建設業、製造業、サービス業他の3産業が突出

 社名公表された332社のうち、産業別で最多は建設業で115社(構成比34.6%)だった。次いで、製造業の76社(同22.8%)、サービス業他68社(同20.4%)の3産業が突出し、この3産業で全体の約8割(同78.0%)を占めた。
 建設業と製造業の合計191社では、労働安全衛生法違反が156社(同81.6%)と8割に達した。

労働基準関係法令違反 一覧公表企業 産業別

労働基準法違反企業はサービス業他が最多の4割

 社会問題化している時間外労働の割増賃金未払いや36協定無視など、長時間労働に関する労働基準法違反は63社だった。
 63社の産業別内訳は、最多がサービス業他26社(構成比41.2%)で4割を超えた。女性社員が違法な長時間労働で過労死し、社長の引責辞任に発展した広告最大手の(株)電通もこの中に含まれる。
 労働基準法に違反したサービス業他26社では、最多は縫製加工業の8社。次いで、飲食業が4社、医療・介護サービスが4社と続き、業種に偏りがみられる。

労働基準法違反63社 産業別内訳

売上高10億円未満の中小・零細規模が7割

 公表332社のうち、売上高が判明した244社を売上高でみると、1〜5億円未満が77社(構成比31.5%)と最も多く、次いで、1億円未満が58社(同23.7%)、10〜50億円未満が43社(同17.6%)と続く。
 売上高10億円未満の中小・零細企業が164社(同67.2%)と、全体の約7割を占めた。なお、売上高が判明しない企業の多くは個人企業などで、労働基準関係法令の違反企業は中堅以下の小規模企業に集中している実態が浮き彫りとなった。
 一方、売上高100億円以上は21社(同8.6%)だった。売上高の最大企業はパナソニック(株)で、富山県内の工場で労働者3名に36協定の延長時間を超える違法な時間外労働を行わせたとして労働基準法違反で書類送検された。次いで、日本郵便(株)は新大阪郵便局で休業4日以上の労働災害が発生したが、労働者死傷病報告を提出しなかった。

労働基準関係法令違反 一覧公表企業 売上高別

 今回社名を公表された332社のうち、倒産企業は16社(負債1千万円未満を含む)、休廃業・解散は判明分で2社、合計18社(構成比5.4%)が含まれ、大半は小・零細企業だった。また、売上高10億円未満の企業が約7割を占め、業績悪化や資金力の乏しさが労働基準関係法令の違反に直接、間接に繋がった可能性も示唆している。事業維持のため、従業員の犠牲のもとで経営が成り立っている構図も浮き彫りにしており、受注先や消費者に左右される中小・零細企業の苦境を反映している。
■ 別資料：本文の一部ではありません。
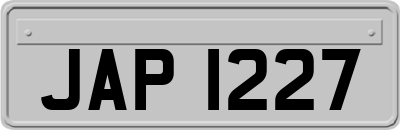 JAP1227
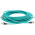 Allen Bradley 1585J-M8CBJM-20 Ethernet Cable Product Image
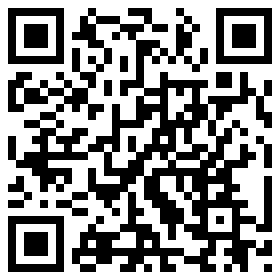 qrcode für VEEAM SOFTWARE  - DATA PF UNIV COM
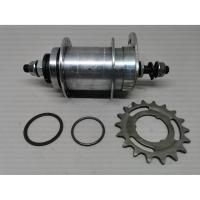 ราคา ดุมคอสเตอร์เบรคมีเกียร์ 36 รู ยี่ห้อ SHIMANO (9801955440)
 2016年12月に厚生労働省が取り決めた「過労死等ゼロ」緊急対策では、特に違法な長時間労働を許さない取り組みが強化されている。これまで事業場単位で行われていた労働基準監督署の監督指導が、本社など全社的に指導・立入調査が行われる。また、違法な長時間労働でも是正指導段階で企業名を公表(過去実績1件)する際の要件をより厳しくする措置も予定されている。
 今回の一覧公表は、政府の進める「働き方改革」に繋がっている。企業名公表を受け、今後は多くの企業が労働環境や条件の見直し、在宅勤務など従業員の働き方そのものの改革に着手するだろう。ただ、改革に着手できるのは業績が安定し、経営的にも資金的にも人的にも余裕のある大企業に限られるとの指摘もあり、国内の企業全体への浸透はまだ入口に立ったに過ぎない。
 違法な労働条件を許さない世論や風潮は着実に広がっている。それだけに労働基準関係法令の違反企業は、今後はより厳しい社会的制裁を避けて通れない。社名公表は信用に直結するリスクだけに、規模の大小を問わず最優先課題として取り組む姿勢が求められている。